That slowing of healthcare inflation, fueled in part by reduced federal funding, has mixed credit implications for not-for-profit hospitals, Moody's notes. Pascaris, however, says four years of significantly lower healthcare inflation cannot be attributed solely to the slow economy or reduced revenues.
"That first couple of years of that low pace of healthcare inflation, folks were attributing it to the Great Recession and higher unemployment and people with jobs either losing health insurance or being transferred to high-deductible plans. All of those things certainly were a factor," he says. "But now that we are at a multi-year trend of this kind of inflation in our view a component of this has to do with improved management in the sector driving down a lower sector-wide rate of inflation."

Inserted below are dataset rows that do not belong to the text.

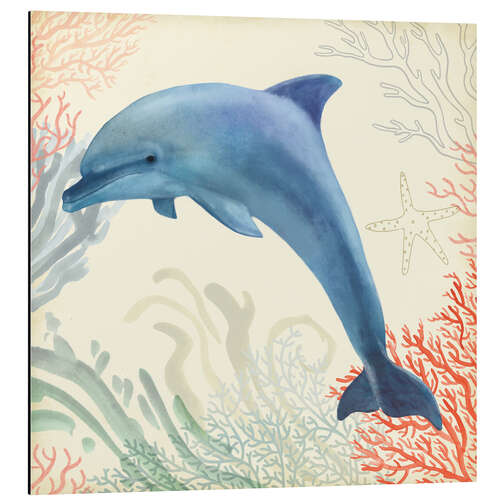 Aluminium print Dolphin in the underwater forest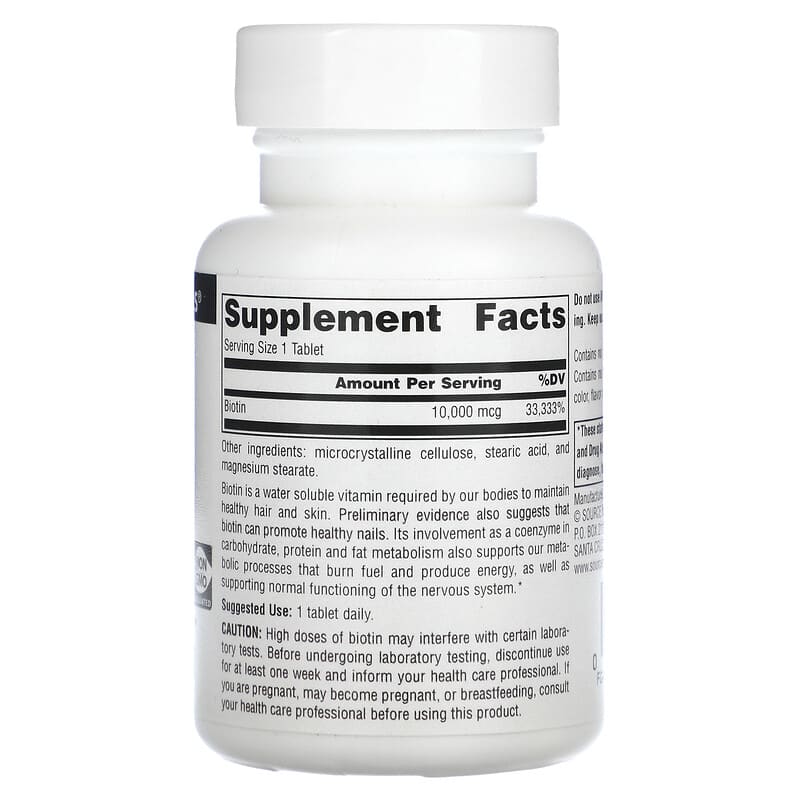 Source Naturals, Biotin, 10,000 mcg, 120 Tablets 21078026334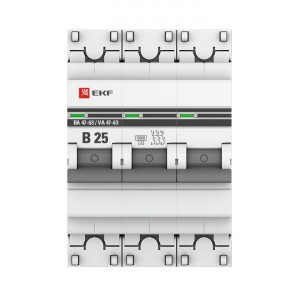 Автоматический выключатель 3P 25А (B) 6кА ВА 47-63 EKF PROxima фото #1047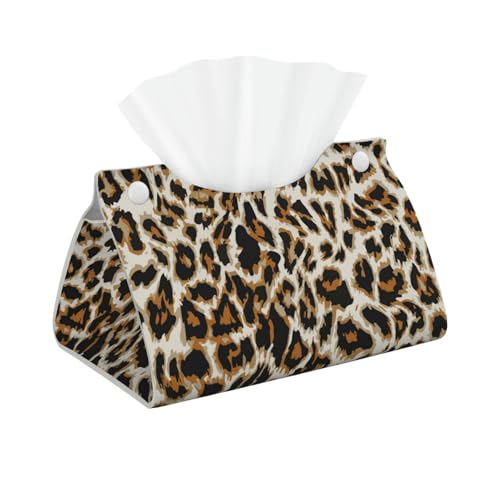 Tissue Box Cover, Modern PU Leather Rectangular Tissue Box Holder for Bathroom Living Room Bedroom Vanity Countertop Night Stands Office Desk Car Home(Cheetah Leopard Print)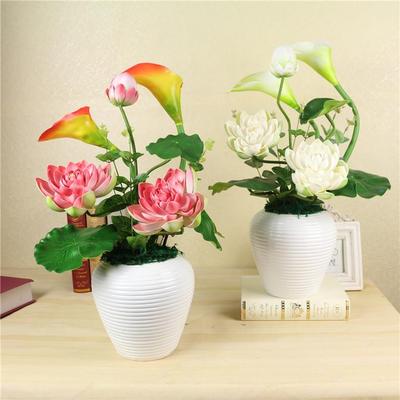 真花套装假装花家居陶客厅绢花仿饰花摆件土盆栽44整体花艺荷花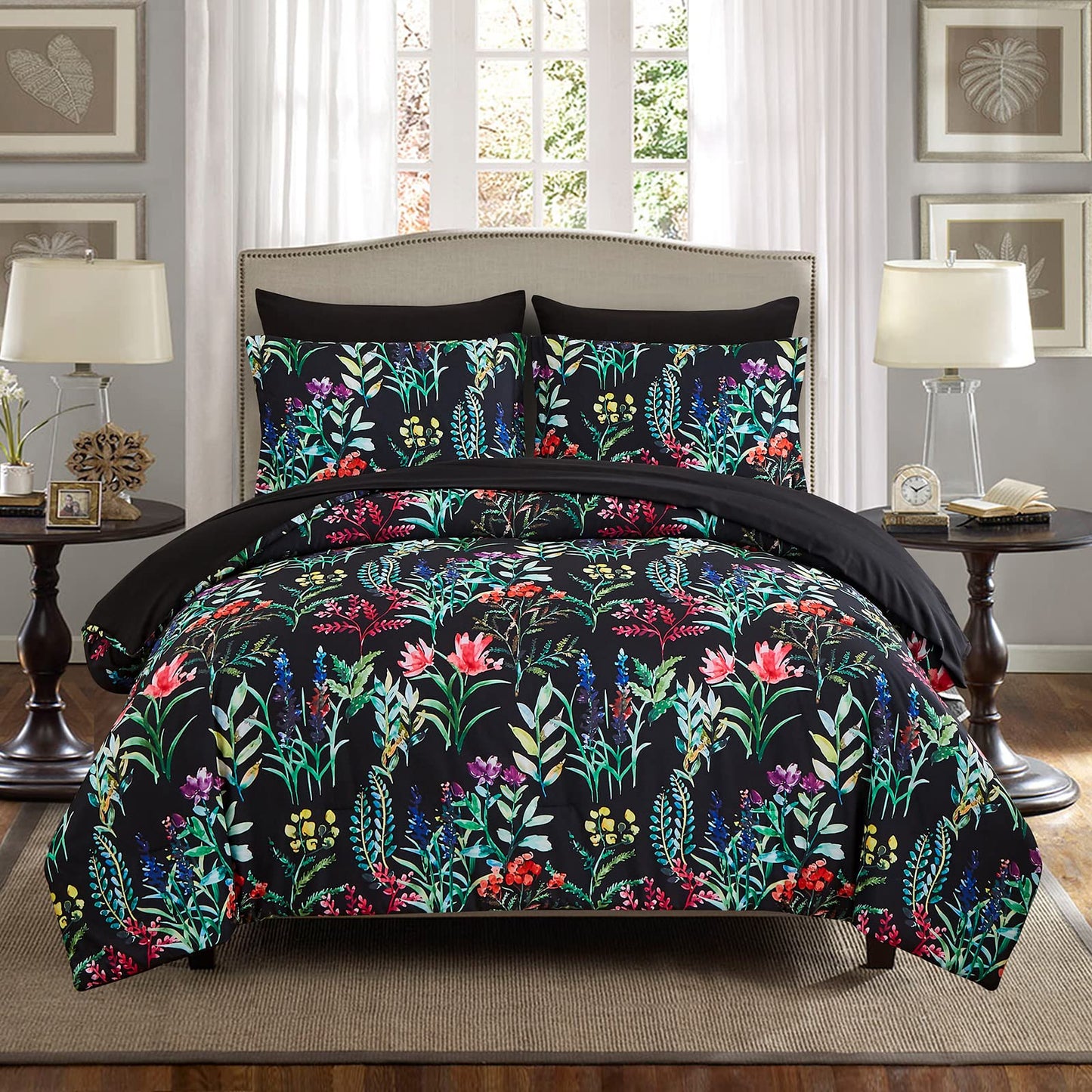 DHSFKBE 7 Piece Bed in a Bag Floral Comforter Set, Botanical Flowers Comforter and Sheet Set, Soft Microfiber Lightweight Bedding Comforter Set for All Season(Dark Floral, Queen)
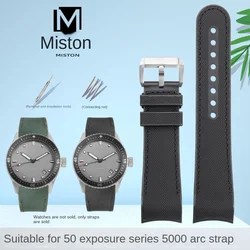 23mm curved end FKM bracelet For Blancpain strap Fifty Fathoms 5000 watch band chain men's replace soft VITON fluororubber strap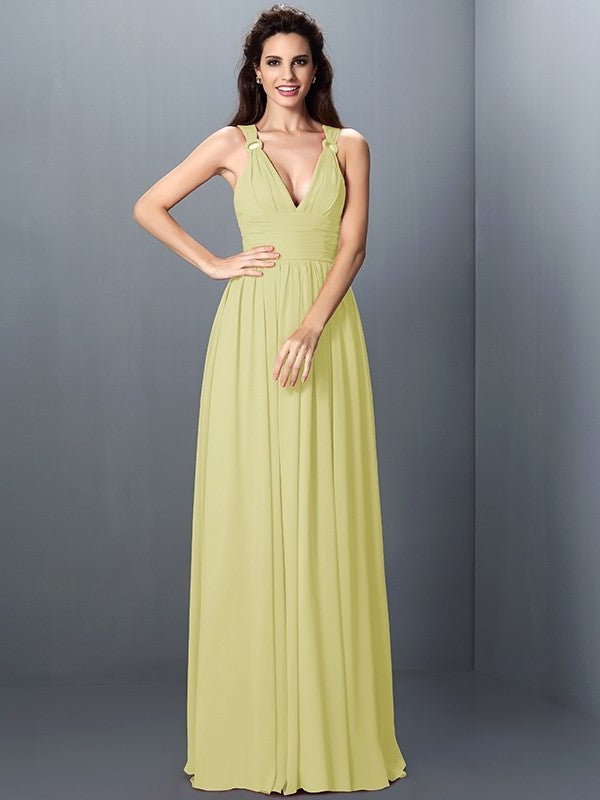 V-neck Pleats Long Sleeveless A-Line/Princess Chiffon Bridesmaid Dresses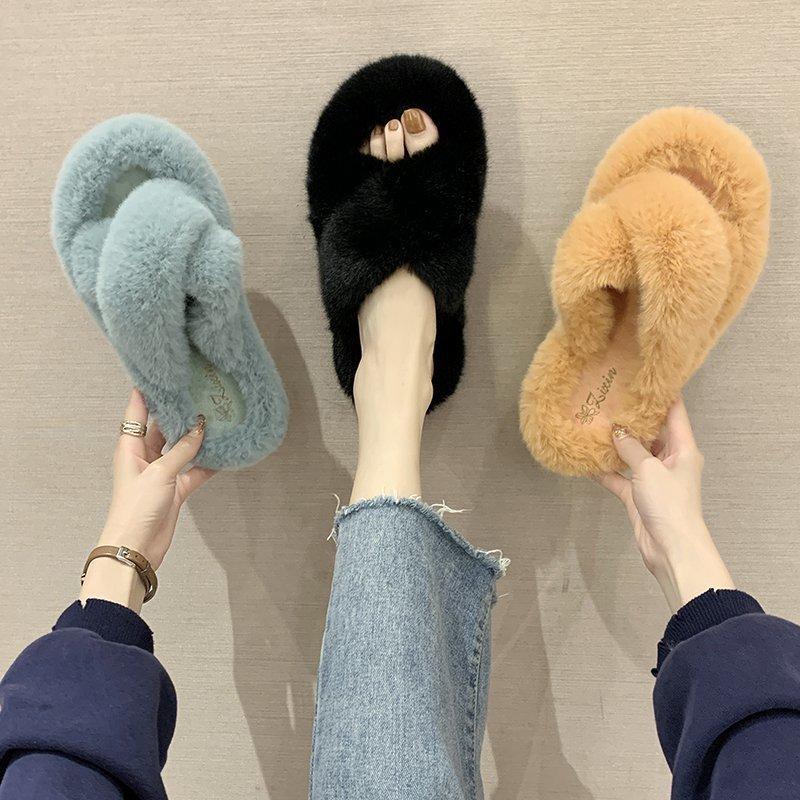 Internet celebrity Mao Mao slippers female pink 2025 autumn and winter new home versatile outer wear thick thermal cotton one-word slippers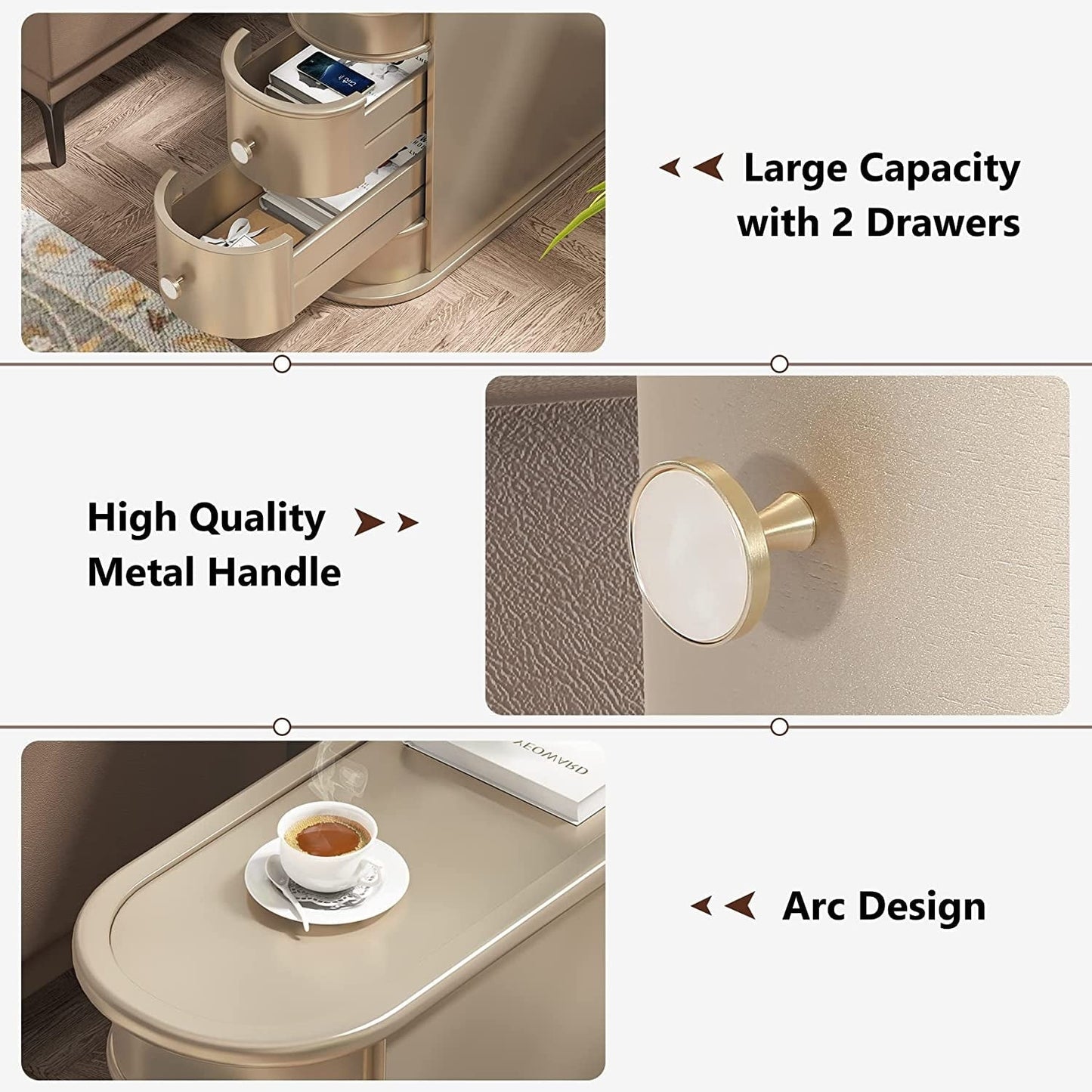 Table d'appoint étroite à deux tiroirs en bois massif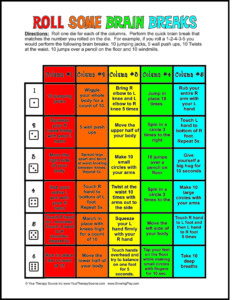 Roll Some Brain Breaks Freebie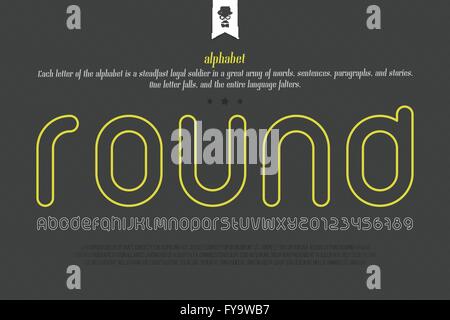 set of round style alphabet letters and numbers over paper texture. vector font type design. modern, thin outline lettering icon Stock Vector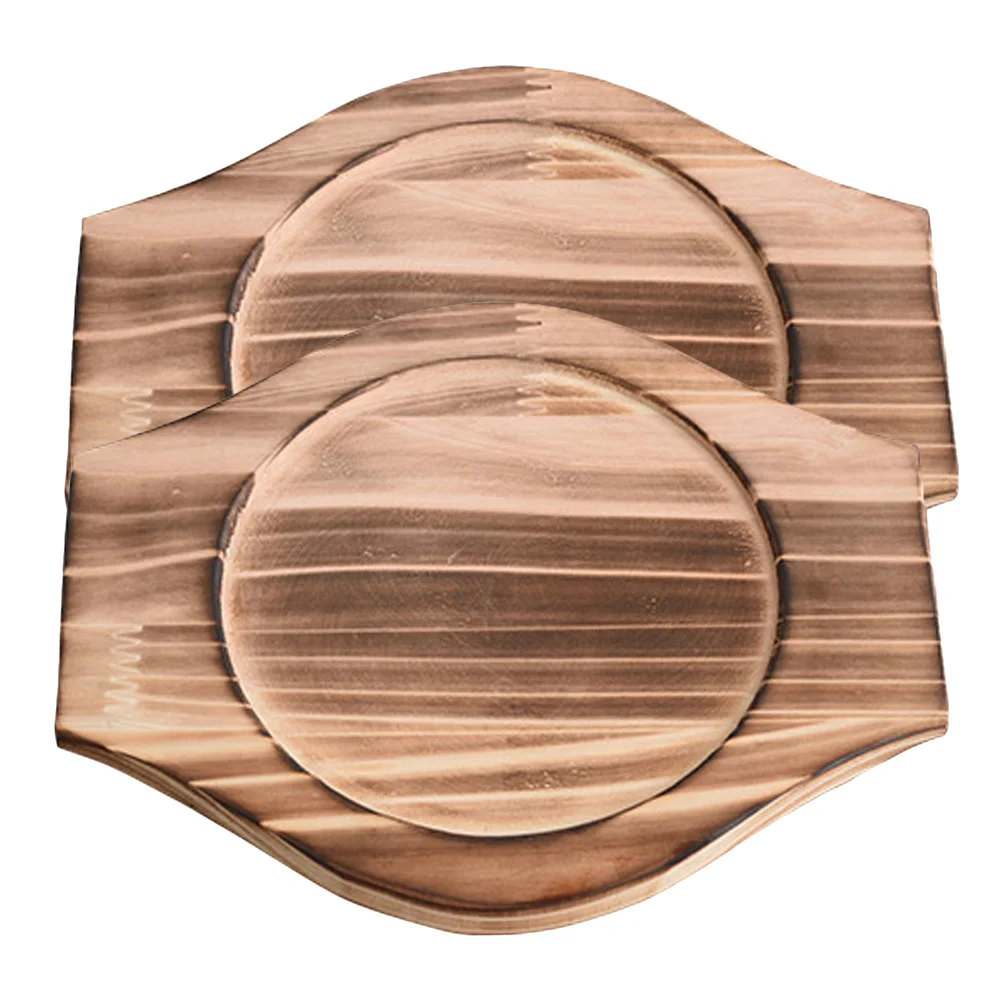 

2Pcs Stone Bowl Wooden Pot Mats Multi-Function Kitchen Casserole Holders Heat Resistant Household Pot Holders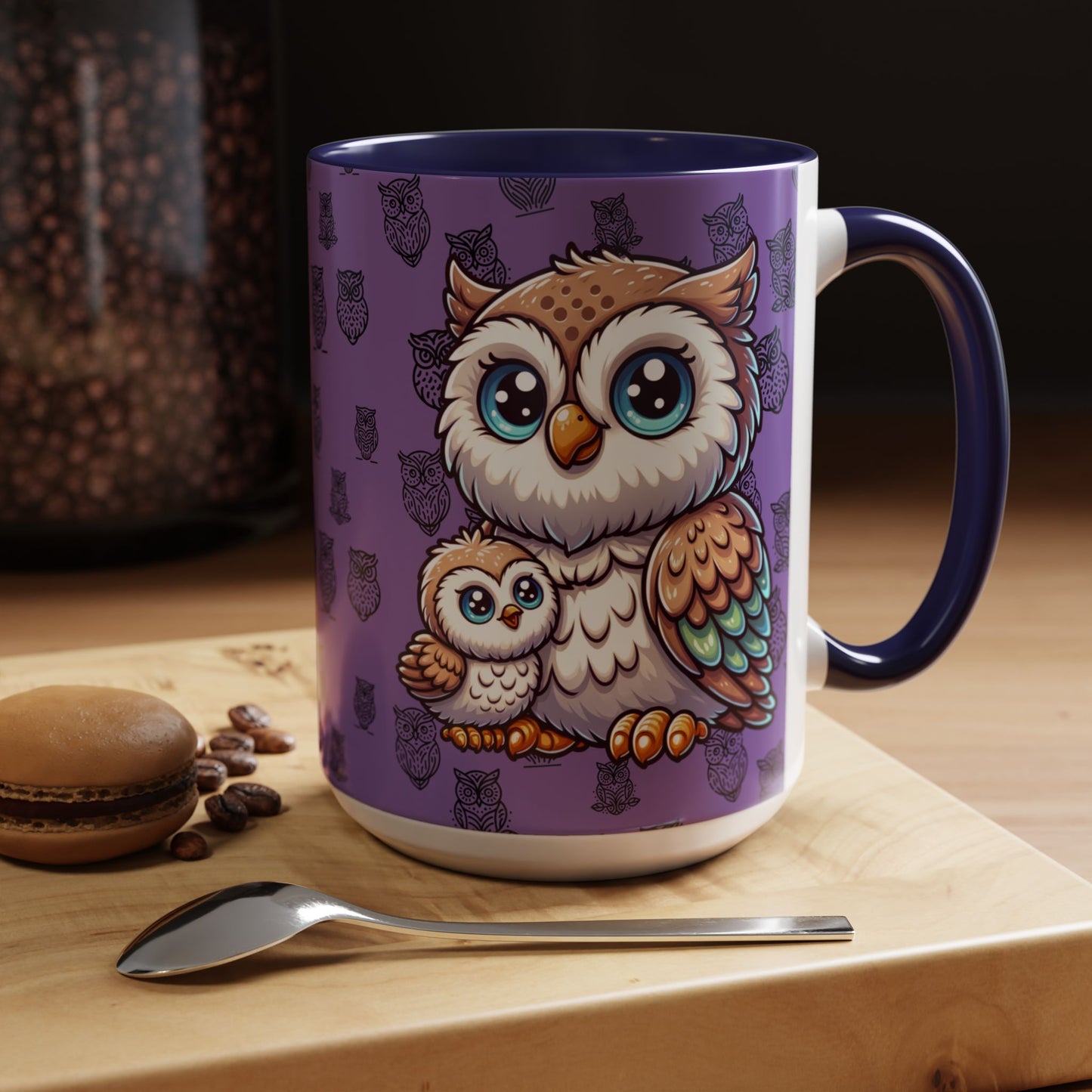 Purple Coffee Mug - Owl Family - Colorful Inspirational Owl Design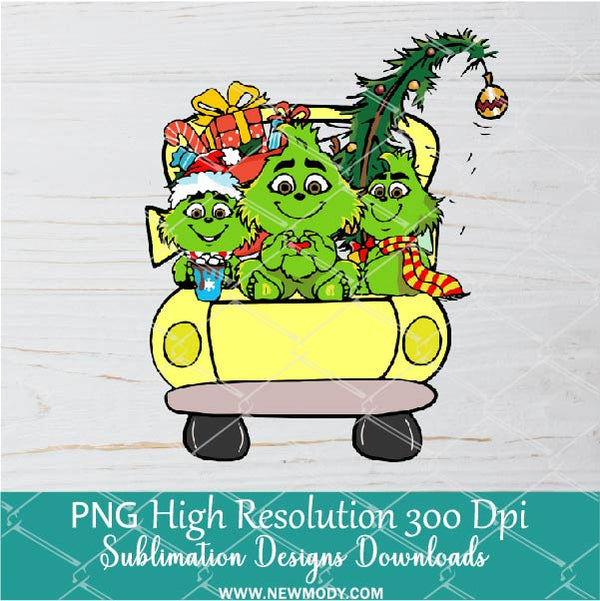 Christmas Grinch red Truck PNG ,Grinchmas Sublimation & DTF T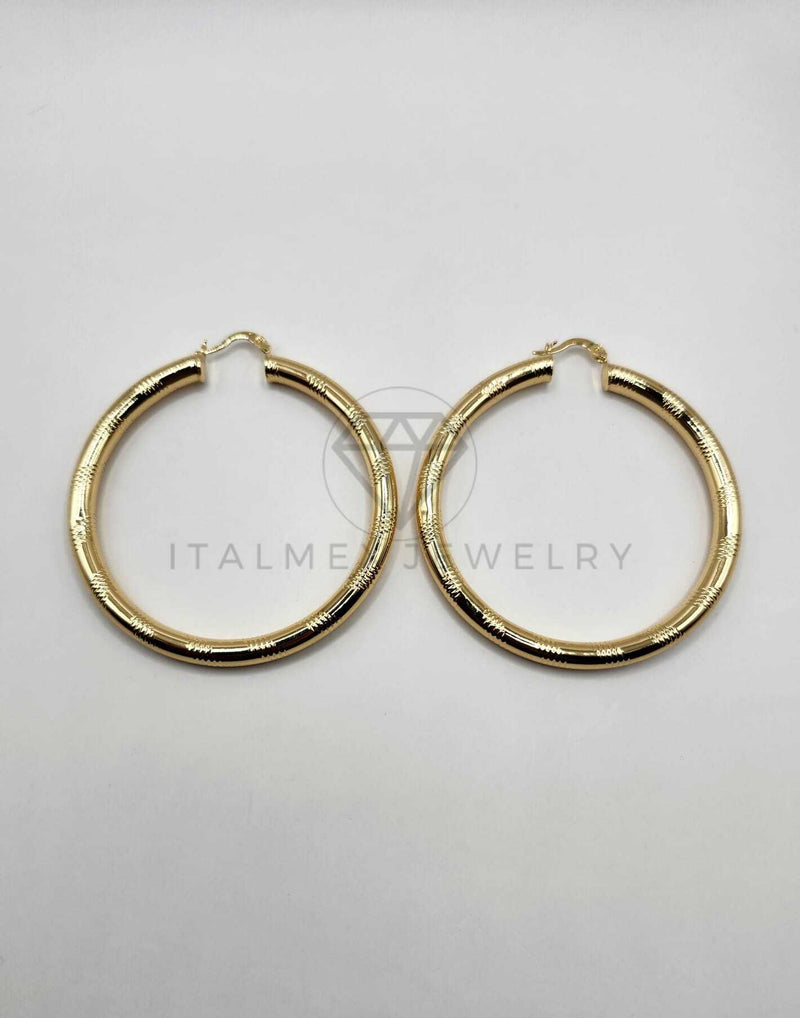 Arracada de Lujo - 106316 - Coqueta Rayada 6 cm Oro Laminado 18K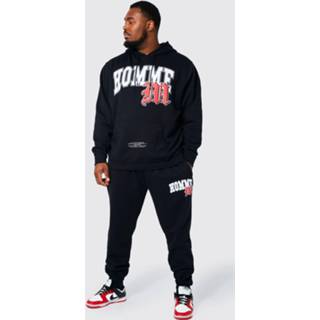 👉 Plus Homme Varsity Trainingspak Met Capuchon En Print, Black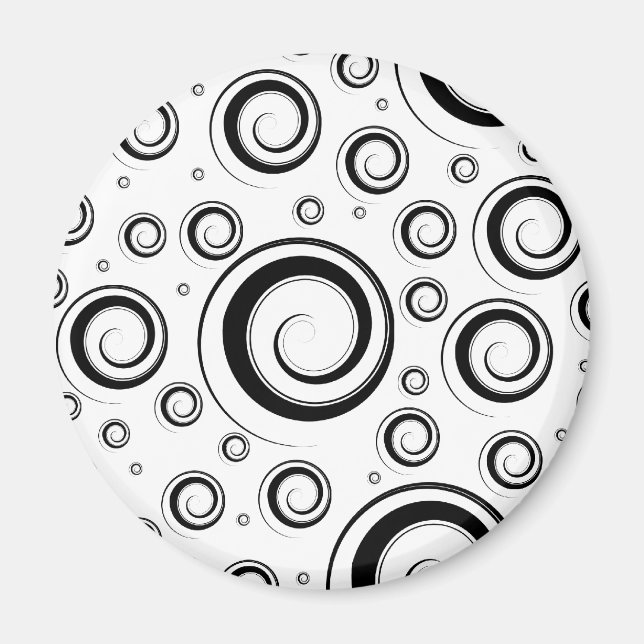 Imán Múltiples Swirls en blanco y negro (Frente)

Medicare and Medicaid spending now represent 23% of the federal budget, the largest slice. The CBO has projected that by 2020 spending on Medicare and Medicaid will be cut by $200 billion less than what it had projected for the programs in March 2010. Because Medicare and Medicaid combined generate about 57% of gross revenues for most not-for-profit hospitals, the effects of any funding cuts are significant.
"On balance, however, we view the trend favorably for the industry as it drives management efforts across the sector over multiple years to control spending and portends a more efficient delivery model than in past years," Moody' says in Lower US Healthcare Inflation is Credit Positive for Not-for-Profit Hospitals.
"The trick," Pascaris says, "is going to be on the expense management side of things keeping that pace moving forward."